**Task to carry out**
Below are the records; return every line from the one that contains "Gallery Womens Green" to the last, exactly, skipping the pictures.

**Material shown**
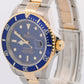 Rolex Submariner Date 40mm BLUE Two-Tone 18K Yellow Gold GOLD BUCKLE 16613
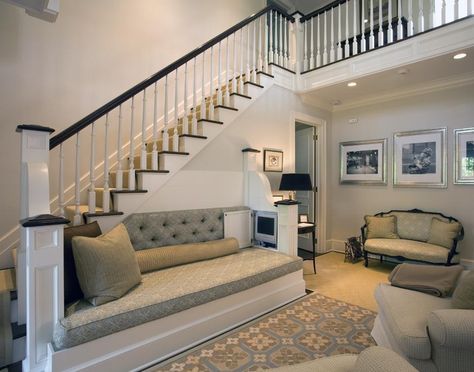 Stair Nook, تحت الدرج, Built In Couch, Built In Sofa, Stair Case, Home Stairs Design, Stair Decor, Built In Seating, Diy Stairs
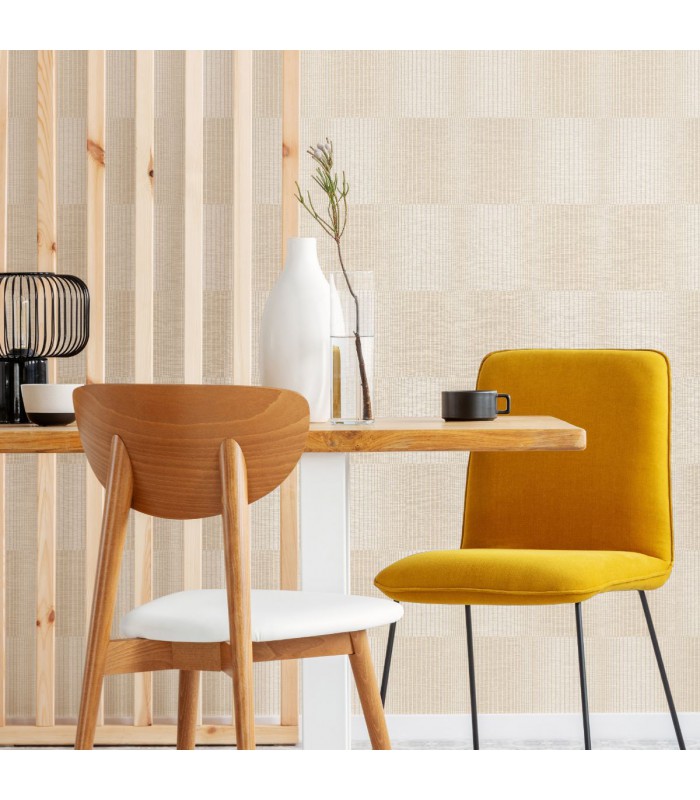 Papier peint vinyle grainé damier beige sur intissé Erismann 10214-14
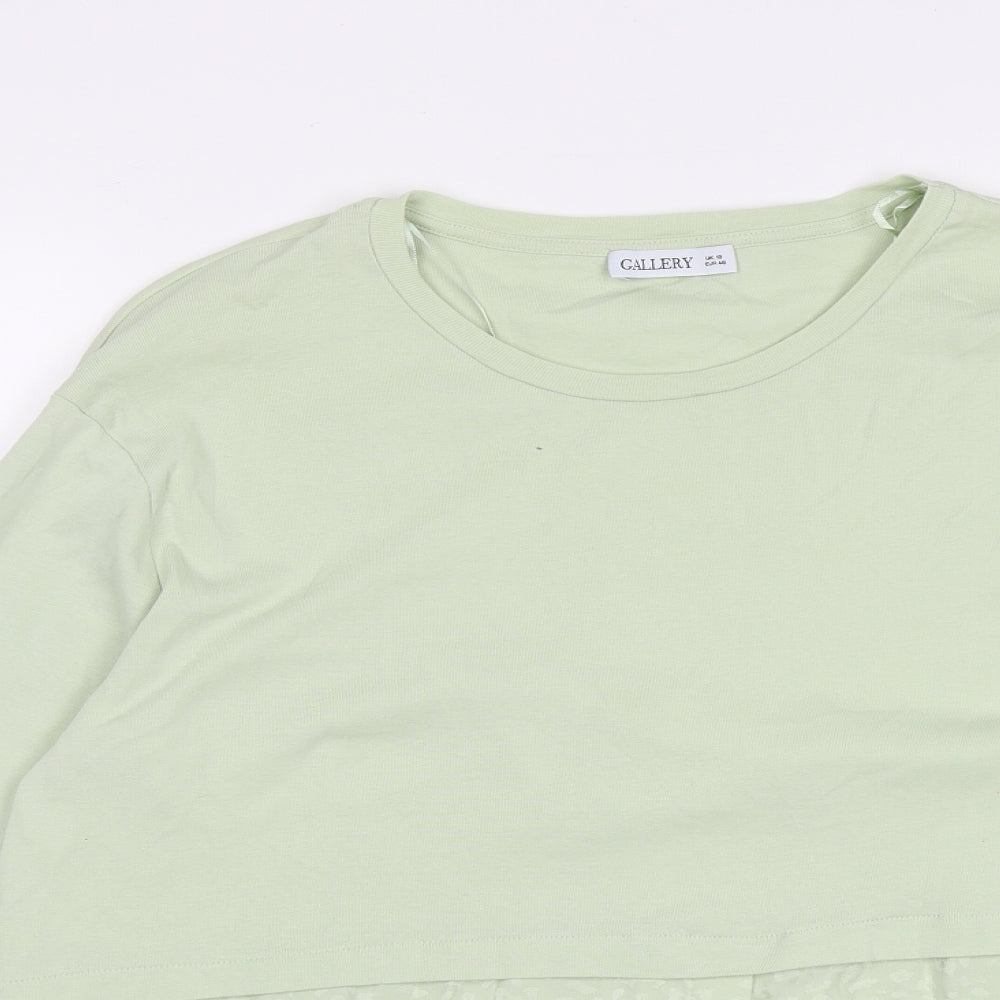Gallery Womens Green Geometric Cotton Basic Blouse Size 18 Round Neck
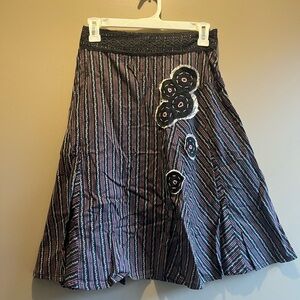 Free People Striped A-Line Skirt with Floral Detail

**Response to this task**
Gallery Womens Green Geometric Cotton Basic Blouse Size 18 Round Neck
 Free People Striped A-Line Skirt with Floral Detail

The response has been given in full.